I find myself having to deal with lookup tables to preserve
space and speed up queries.  Something like:

create table test (
somedate DATE,
long_column_id INT UNSIGNED,
);

create table longcol_lookup (
 long_column_id_id INT UNSIGNED AUTO_INCREMENT NOT NULL PRIMARY KEY,
 long_column CHAR(128)
);

If I have a table with 10 million records but only 1000 distinct
values for long_column I am wasting lots of space and queries
take a long time without the lookup table.

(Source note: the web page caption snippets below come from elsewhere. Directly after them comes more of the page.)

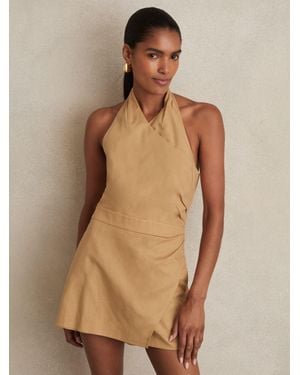 Reiss Lyocell Cotton Halter Skort Playsuit - Natural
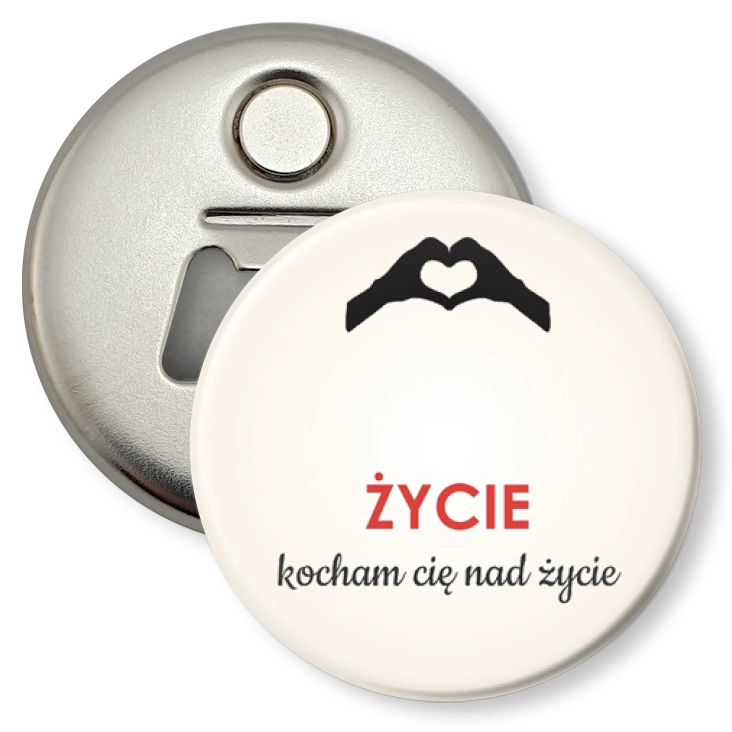 przypinka otwieracz-magnes Życie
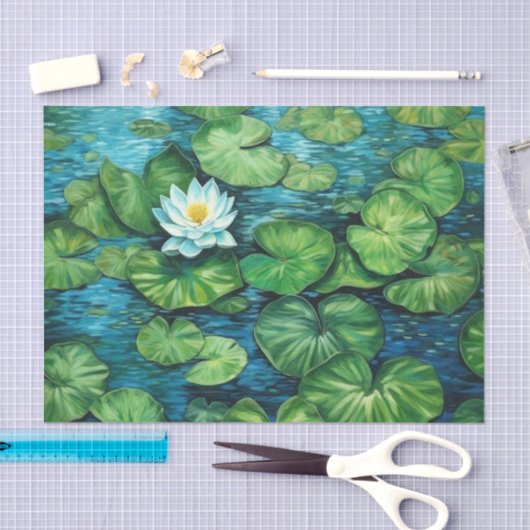 Witte Lotus Lelie Pads Bloemen Decoupage Tissuepapier (Craft)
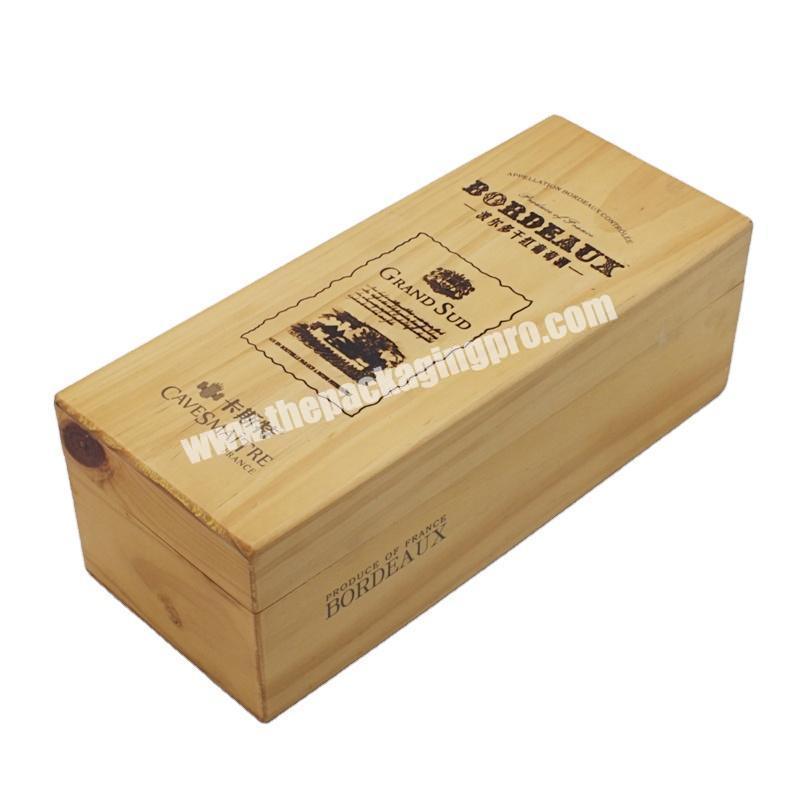 Custom Made Pu Cheap Decorative Wooden Wine Packaging Box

If I create the lookup table, queries are more complicated
(have to join tables), in addition, inserts and updates are
more difficult because now I have to do a lookup and if the
lookup fails, I have to insert a new record into the lookup
table before I can insert into the main table.  Thats a lot
of application logic that could be avoided if the dbms transparently
handled the lookup stuff in its engine.

So the idea is to make such lookup tables transparent.  That is,
the dbms engine will create them on the fly.  If the dbms detects
lots of repeating values and average datasize > say 8 bytes, then
it will make that column an int or long which will be used
as a pointer into a datastore of values.  Perhaps the initial
conversion to this internal lookup table can be done when
OPTIMIZE TABLE is run?  

The fact that mysql has created an internal lookup table should
be hidden from the user.  The user doesn't have direct access to
the lookup table, and everything works the same as it does now.

What do you think of the idea?  Has anyone ever heard of a dbms
that already does something like that?